- Synonyms: Overall hemostasis potential; Overall haemostasis potential; Overall haemostatic potential; OHP
- Test of: Coagulation, hypercoagulability, hypocoagulability, hemostasis, fibrinolysis

= Overall hemostatic potential =

Test used to measure blood coagulation

The overall hemostatic potential (OHP) test is a global coagulation assay which can be used to measure coagulation. The OHP assay measures total fibrin generation in the presence of thrombin or tissue factor and tissue plasminogen activator (t-PA). It generates a fibrin time curve through the use of optical density measurement. This curve represents the balance between fibrin formation induced by thrombin or tissue factor and fibrinolysis induced by t-PA. The assay provides three parameters: overall coagulation potential (OCP), overall hemostatic potential (OHP), and overall fibrinolytic potential (OFP). OHP is the main parameter, while OCP and OFP are supplementary parameters to assess coagulation and fibrinolysis. One further parameter, clot lysis time (CLT), can also be determined. The OHP assay measures the integrated effect of procoagulant, anticoagulant, and fibrinolytic factors.
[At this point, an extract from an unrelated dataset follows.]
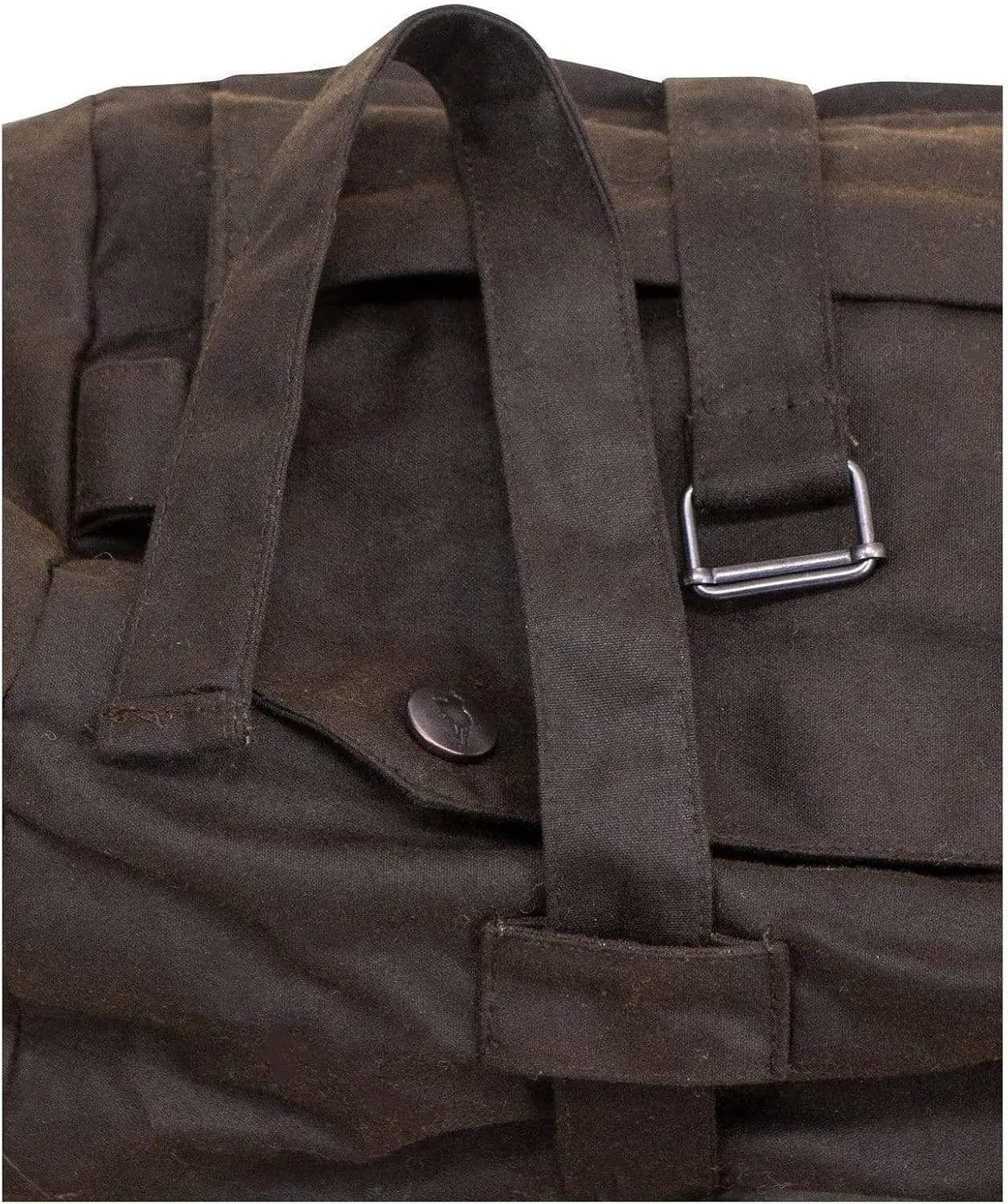 Outback Trading Unisex 2004 Waterproof Breathable Brown Oilskin Cotton Equestrian Cantle Saddle Bag for Horse Riding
The OHP is a technically simple but relatively labor-intensive assay. As of 2010, it had been implemented in several laboratories, but was not available commercially. The assay is novel in terms of its combined evaluation of both fibrin generation and fibrinolysis. The test is potentially useful in the evaluation of hypercoagulability, hypocoagulability, and fibrinolytic abnormalities. It is able to detect hypercoagulability associated with pregnancy and estrogen/progestogen hormone therapy. The test has also been used to study coagulation in feminizing hormone therapy in transgender women. However, more studies are needed to validate the test as a biomarker of thrombosis and other abnormalities of coagulation.

== History ==
The original OHP assay was developed in Sweden by Blombäck and colleagues and was first described in 1999. It used thrombin to trigger coagulation. Since then, a modified version has been developed which can use either thrombin or tissue factor to trigger coagulation.